There are three main components in XAudio: source voices, submix voices, and a mastering voice.
A source voice is most analogous to a DirectSound buffer. You create a source voice when you want to play a sound. You can set parameters on a voice, such as pitch and volume, and specify the volume levels for each speaker for surround effects. You can also dynamically place arbitrary software-based DSP effects on a source voice.
Once you create a source voice, you point it to a piece of sound data in memory and play it. (This data can be in a variety of formats: PCM, XMA, or xWMA for Xbox; PCM, ADPCM, or xWMA for Windows.). A source voice can also point to no source data, if it contains software for direct generation of audio data. By default, the output is sent to the speakers via the mastering voice, but a source voice can also send its output to one or more submix voices as well.

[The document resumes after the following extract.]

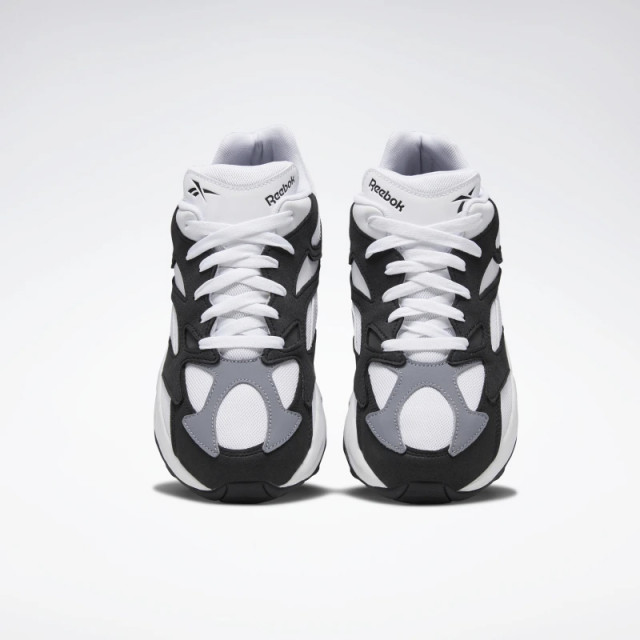SEPATU SNEAKERS REEBOK Aztrek 96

A submix voice is much like a source voice, with two differences. First, the sound data for a submix voice is not a piece of sound data in memory, but rather the output of another source (or submix) voice. Secondly, a submix voice can have multiple inputs—each of the inputs will be mixed by the submix voice before processing.

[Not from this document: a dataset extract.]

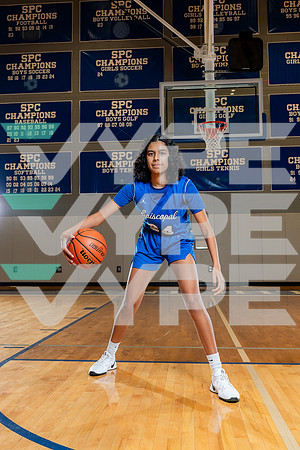 EPISCOPAL_GBB-(COLLIER)-207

As with source voices, you can insert arbitrary software DSP effects into a submix voice—in this case, the DSP will process the aggregate mix of all the inputs. Submix voices also have built-in filters, and can be panned to the speakers just like a source voice can. Submix voices are very useful for creating complex sound effects from multiple wave files. They can also be used to create audio submixes—for example a sound effects mix, a dialog mix, a music mix, and so on—in the way that professional mixing consoles have buses. Submix buses are also used for global effects, such as a global reverb.
The final component is the mastering voice. There is only one mastering voice, and its job is to create the final N-channel (stereo, 5.1, 7.1) output to present to the speakers. The mastering voice takes input from all the source voices and submix voices, combines them and prepares them for output. As with source voices and submix voices, software DSP effects can be placed on the mastering voice. Most typically a 5.1 mastering limiter or global EQ is inserted into the mastering voice for that final, polished sound.
The following figure shows a simple XAudio2 graph playing two sounds with an environmental reverb. The top two source voices are playing sound data to create a single composite sound that is routed to the submix voice.
From the submix voice, a 5.1 send goes to the mastering voice and a mono send goes to another submix voice that hosts a global reverb effect. 3D panning for the composite sound is performed on the first submix voice. The bottom source voice is used to play a single sound. Its 5.1 output goes to the mastering voice and also has a mono send to the global reverb. Of course, many more options are possible, but this shows a common case.
DSP effects in XAudio2 are performed using software audio processing objects (xAPOs). An xAPO is a lightweight wrapper for audio signal processing combined with a standard method for getting and setting appropriate DSP effects parameters.
Since xAPOs are cross-platform, it is easy to write software-based audio DSP effects that can be run on both Windows and Xbox 360. Typical software effects might include reverb, filtering, echo or other effects, but can also include physical modeling synthesis, granular synthesis, or any kind of wacky audio DSP you might come up with! You can write processor-specific optimizations for Xbox and Windows, but that’s not required.